See the Microsoft Windows NT Resource Kit4 for more specific examples of Windows NT counters.

Performance Measurement
System Configuration

In order to leverage TCA measurements made with one hardware configuration into variable configuration contexts, it is advantageous to separate service components among servers as much as possible. In an uncached environment this enables better isolation of resource costs for each transaction as a function of each component servicing the transaction.

This notion is illustrated in Figure 3, which shows the propagation of a single transaction (for example, LDAP "add") between client and servers and its accumulated resource costs C1 on Server 1 (LDAP Service running here) and C2 on Server 2 (SQL Server running here).

 

Figure 3 Separating Resource Costs of Service Components by Server 

If all of the components servicing this transaction reside on a single server for a particular deployment, then these separate costs may be added together as C1+C2 in order to roughly estimate the integrated cost. Of course, certain performance properties will change in this case. For example, certain costs will disappear, such as the CPU overhead for managing the network connection. On the other hand, other costs may increase, such as disk I/O, because the capacity for caching transaction requests is diminished (which reduces throughput), and so on. When caching plays a particularly important role, variable configurations should be separately analyzed.
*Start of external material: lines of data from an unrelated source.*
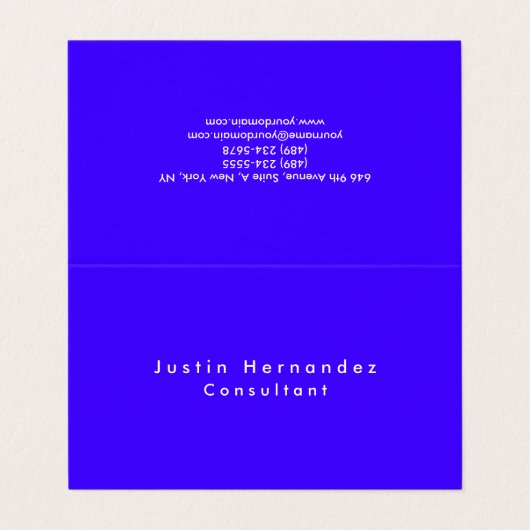 シンプルプレーンエレガントウルトラマリンブルーミニマリスト 名刺 (外部フラット)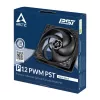 ARCTIC P12 PWM PST (Schwarz/Schwarz) Druckoptimierter 120-mm-Lüfter mit PWM PST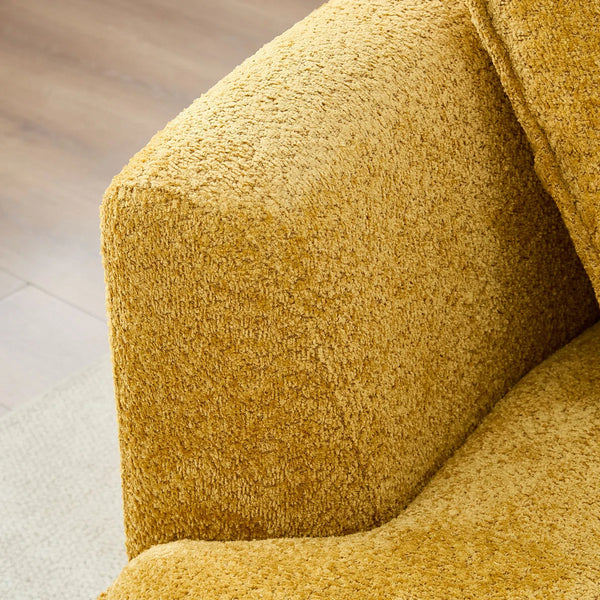 Modern Curved Boucle Sectional Sofa with Chaise & Accent Pillows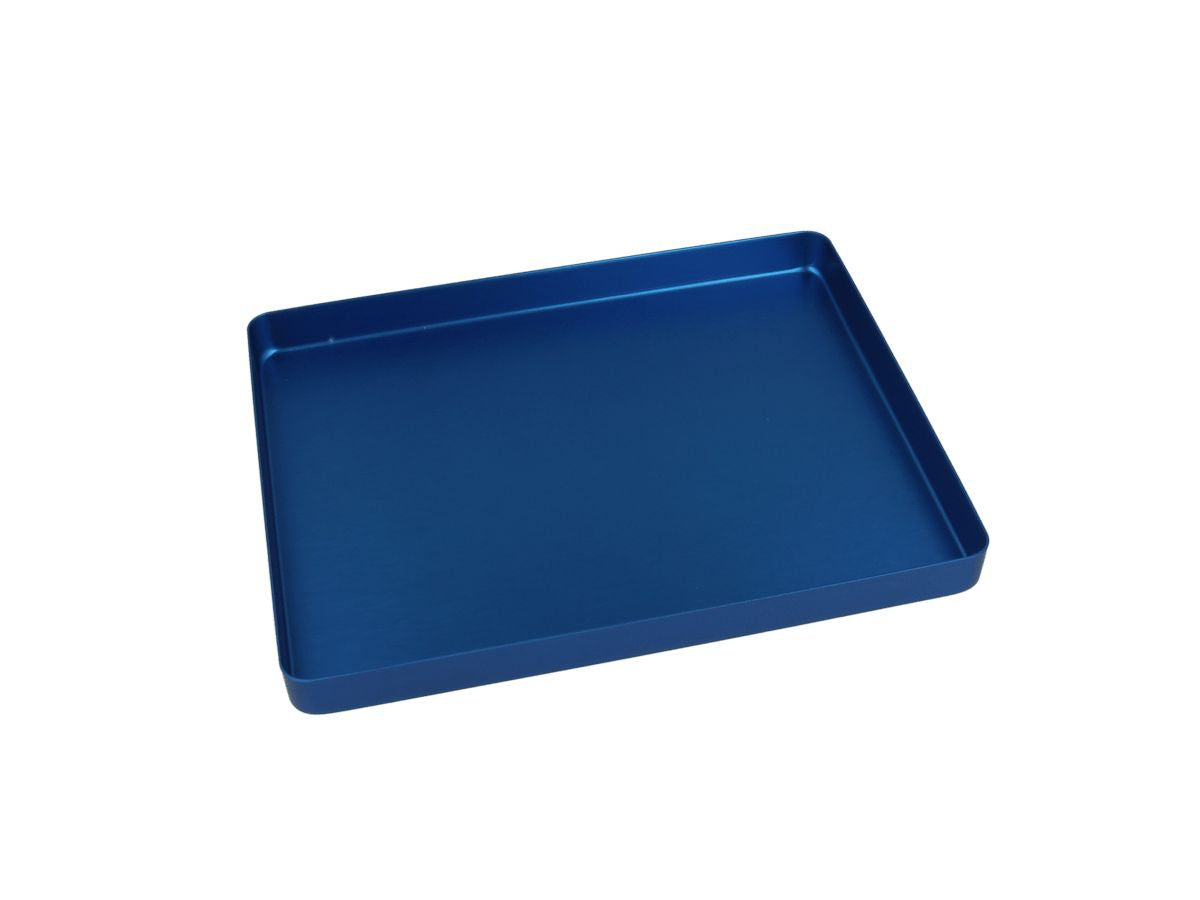 Blaue Aluminium-Minitray ohne Löcher.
As illustrated in Figure 4, the load generation clients and performance-monitoring tools should reside on computers other than the servers under analysis in order to minimize interference with these servers.

Figure 4 Hardware Configuration for Performance Analysis 

The service configuration should be deployed with the highest performance hardware available. This helps to ensure that resource requirements based on measurements on higher-performance hardware will scale down (at worst linearly) to lower-performance hardware. The converse is not necessarily true, however.

For example, multi-processor scaling is often sub-linear, in which case total CPU costs on a 4-way SMP server may be greater than on a 2-way SMP server under the same load (due to additional context switching and bus management overhead). Suppose CPU costs are measured on a 500 MHz 4-way SMP server and the actual deployment hardware consists of a 300 MHz 2-way SMP server. Then if all other hardware characteristics remain unchanged, CPU requirements should increase by no more than a factor of 3.3 = (500 MHz/300 MHz)*(4 processors/2 processors).

Load Generation

Load generation scripts must be written to simulate each transaction separately, and have the following form:

do * *transactionsleep rand timeInterval

The sleep is intended to reduce load on the client queue, and timeInterval should be chosen randomly5 over a representative range of the client-server transaction latencies. The load must be distributed among enough clients to prevent any single client from becoming its own bottleneck.

Before each run, the system should be shut down to flush caches and otherwise restore the system to a consistent state for data collection consistency. Furthermore, each run should continue for at least long enough to reach run-time "steady-state." This state is reached when, for example, initial transient (start-up) costs are absorbed, network connections are established, caches are populated as appropriate, and periodic behavior is fully captured. The measurements collected for each run should be time averaged over the length of the run in "steady-state."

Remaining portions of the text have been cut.